Tongue Tie

What is a Tongue-Tie?

Do you snore? Clench or grind your teeth? Do you get headaches? Jaw Pain? What about migraines? Is it hard to say certain words? Difficulties with ADHD or ADD? Overall body tension? Breathe through your mouth? You could be tongue-tied.

A tongue-tie involves the string of tissue that connects your tongue to the floor of the mouth. This string of tissue is called a frenum and everyone has one. For some people, that string is tighter than it should be and can be the source of many problems in your mouth and throughout your body.

There are two types of tongue-ties, anterior and posterior. Anterior tongue ties are the more obvious of the two types. It’s easily diagnosed because it can be seen right away when you lift the tongue up. The underside of the tongue is connected too tightly to the floor of the mouth, and that the range of motion is restricted. Posterior tongue-ties are a little more challenging to identify. They are more often symptom-based or can be hidden by the floor of the mouth compensating to help the tongue function. To learn more about posterior tongue-ties you can click here.

Why Does A Tongue-Tie Matter?

We all have a lingual frenum (or frenulum). This is the line of tissue that runs under the tongue that connects the tongue to the floor of the mouth. In some people, as I mentioned above, it’s restricted, which is why a tongue-tie is also known as a restricted lingual frenum, and sometimes as tethered oral tissue. This restriction can prevent the tongue from moving correctly or from resting in the right place. This can in turn cause a number of symptoms and functional limitations depending on how bad it is.
Tongue position is really important when it comes to our overall health! The tongue should fill up the entire roof of the mouth from front to back. When it’s in this position, it provides a support structure for the upper jaw. When the tongue is in the right place, teeth grow in straighter and the face develops optimally. But a tongue-tie means that the tongue is literally unable to reach the palate all the way, if at all. So it rests in the bottom of your mouth, which is dysfunctional.
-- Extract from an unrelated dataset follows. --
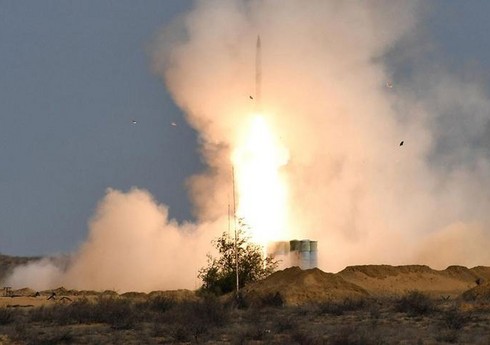 Krımda hava hücumundan müdafiə sistemləri işə düşüb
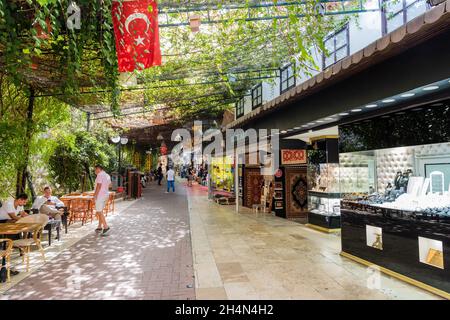 Kusadasi, Aydin, Türkei – 6. Oktober 2020. Altstädter Basar in der Kurstadt Kusadasi in der Türkei. Blick mit Geschäften und Menschen. Stockfoto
People who are tongue-tied often mouth breathe. This leads to a wide range of myofunctional problems and symptoms. Chronic jaw pain, sleep apnea, facial pain, headaches, and clenching and grinding, along with dental and orthodontic issues are common in people with tongue-ties. Research shows that tongue-tied children are at higher risk to develop sleep apnea and airway issues, and their facial and cranial development is also impacted.

What Can I Do To Help?

If you have a tongue-tie, you need a simple procedure known as a frenectomy. During my assessments, I evaluate every patient to confirm whether or not the procedure would be beneficial. If the frenectomy surgery is needed, then it is crucial to prepare with exercises both before and after to get the best results. Once the surgery is complete, it is vital to meet with me within the first 24 hours to check the healing and teach additional exercises to strengthen and gain muscle control over the tongue’s new mobility. Re-training the tongue is a crucial step to the process because the muscles in the tongue have never properly been used. These muscles need to be trained and activated through myofunctional therapy to keep the tongue from re-attaching to the original place. I have seen many patients need to have a second procedure, because they did not prepare for the first.

I will help you coordinate your exercise sessions with your doctor performing the procedure so your treatment is perfectly timed.

Tongue-Tie Symptoms in Babies

Breastfeeding problems are often linked to tongue-tie concerns in babies. Sometimes, a tongue-tied baby may be able to breastfeed without any trouble, so it may go undiagnosed or recognized.

The restriction caused by a tongue-tie can lead to changes in the development of the mouth, face, and skull, often accompanied with an open mouth resting posture or mouth breathing in children. This can in turn lead to symptoms including speech difficulties, ADD and ADHD, sleep disordered breathing conditions such as sleep apnea, and jaw and facial pain and tension.

The International Journal of Pediatric Research said it best:

Children with untreated short frenulum developed abnormal tongue function early in life with secondary impact on orofacial growth and sleep disordered breathing (SDB). The changes in orofacial growth related to factors including short lingual frenulum lead to SDB and mouth breathing very early in life. Recognition and treatment of short frenulum early in life – at birth if possible – would improve normal orofacial growth.

Addressing the tongue-tie from the start could save you a lot of health problems into adulthood. Being proactive is the key.